Во время работы на заводе «Инноченти» я хватался за любую возможность, чтобы петь: участвовал во всех любительских фестивалях, о которых слышал. К примеру, пел на конкурсе в театре Каркано. А потом на улице Казоретто, на здании Театра Оратории, я увидел объявление, говорившее о том, что требуются молодые исполнители для конкурса новых голосов. В этом конкурсе я принял участие и занял третье место. Этот кубок и поныне занимает почетное место в моей студии. Разумеется, за это мне не платили. Однако было очень интересно наблюдать, как реагируют зрители на мои песни. Реакция неизменно была положительной.
Потом я узнал, что Клан Челентано ищет новые таланты и решил попытать удачи. Клан тогда находился в зените славы. Каждый из артистов, окружавших Челентано, сам был легендой. Не только из-за своего громкого имени, как Дон Баки, Рикки Джанко, группа «Рибелли», Ико Черрути, Пиладе или Джино Сантэрколе, но и потому, что каждому участнику своей группы Челентано дал свой стиль и свой дух. В газетах постоянно говорилось об их нерушимой дружбе, о царящих в коллективе единстве и гармонии и даже о мистической ауре, окружавшей Челентано и его последователей. Так, среди них был отец Уголино, монах-францисканец из Гросетто, выполнявший функции духовного наставника группы. В общем, Клан был как Камелот (замок короля Артура – П.П.). Участники группы были рыцарями Круглого Стола, а Челентано был их королем.

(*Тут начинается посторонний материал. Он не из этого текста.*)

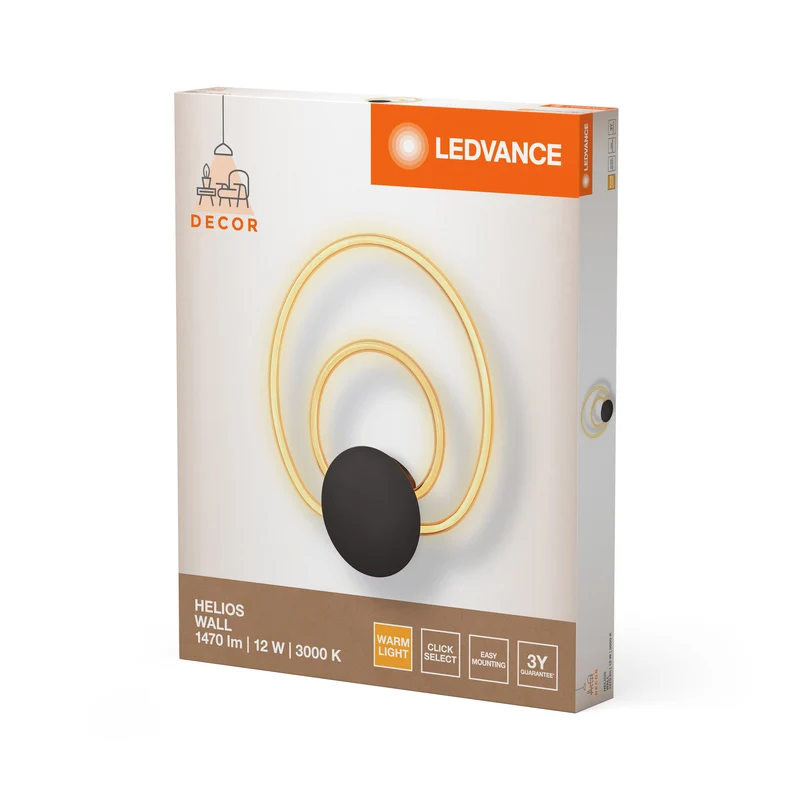 Applique murale LEDVANCE DECOR Helios, 12 W, 3000 K, 960 lm, blanc chaud, Cliquez sur Sélectionner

Вначале в Клане была еще некая таинственная девушка, первая и единственная женщина в коллективе, и никто не знал, кто она такая. Ее называли La ragazza del Clan (Девушка из Клана). Так же называлась одна из песен, исполненная «Рибелли», бит-группой из Клана. Тайна девушки долго оставалась неразгаданной, притягивая к коллективу неизменное внимание романтиков, но в конце концов раскрылась: незнакомку звали Милена Канту, и она оказалась девушкой Челентано. Потом, правда, Челентано оставил ее, чтобы жениться на Клаудии Мори, а Милена вышла замуж за Фаусто Леали.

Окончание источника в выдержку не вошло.